We are not fighting wars with crude tools. Agencies like the National Geospatial-Intelligence Agency routinely work with satellite imagery that can be minutes or hours old, and high-priority targets are often monitored in near real time. The technology exists precisely to prevent catastrophic errors like this.
Yet according to the investigation, officers relied on outdated targeting data that was not properly verified against current imagery. That is not simply tragic. It represents a breakdown in the most basic safeguards of modern targeting.
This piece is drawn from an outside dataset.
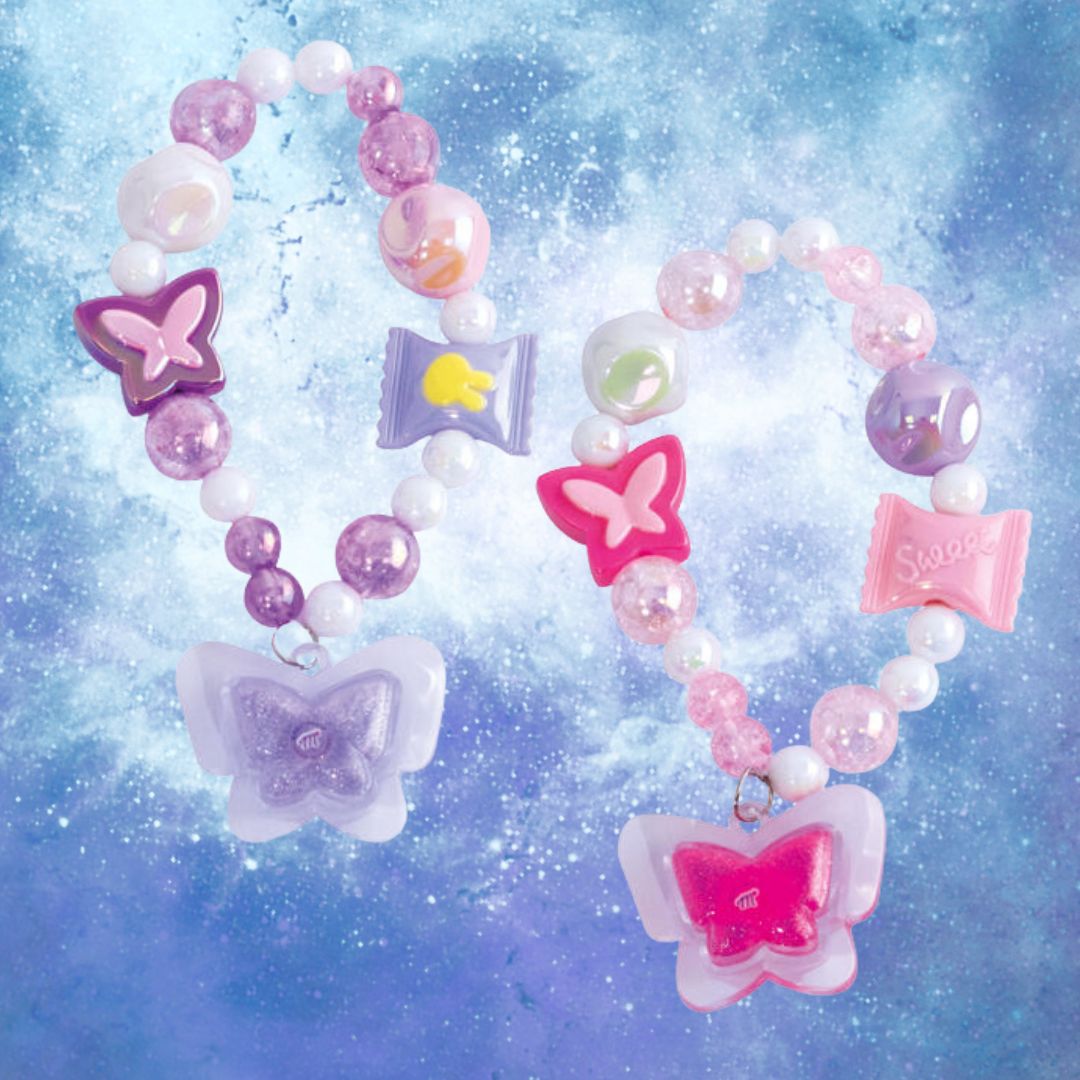 MARTINELIA MAGIC WINGS – Braccialetto con Balsamo Labbra, Fragola o Mirtillo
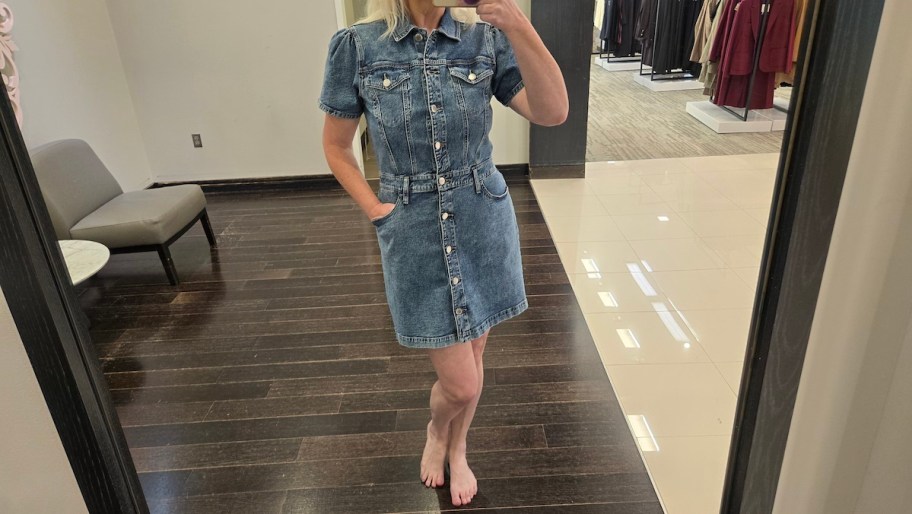 woman taking selfie in mirror wearing denim dress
War is always brutal, but modern intelligence systems were designed to reduce civilian deaths. When those safeguards fail through negligence and children die as a result, the responsibility cannot be dismissed as a routine mistake. It is incompetence in war approaching the moral territory of a war crime.
Tom Debley
Walnut Creek, Calif.
To the Editor:
The news of the likely fault in the United States’ Tomahawk missile strike on an Iranian elementary school is just the latest example of the cost of the incompetence of the current administration. It displays a lack of understanding, or a lack of care, that human errors — in this case, the military using outdated targeting information — are fully predictable byproducts of going to war.
True military professionals understand that these operations are inherently dangerous, that humans are fallible and make tragic and sometimes deadly mistakes. But the Trump administration’s chain saw approach to driving out experienced personnel has only increased the likelihood of tragedies.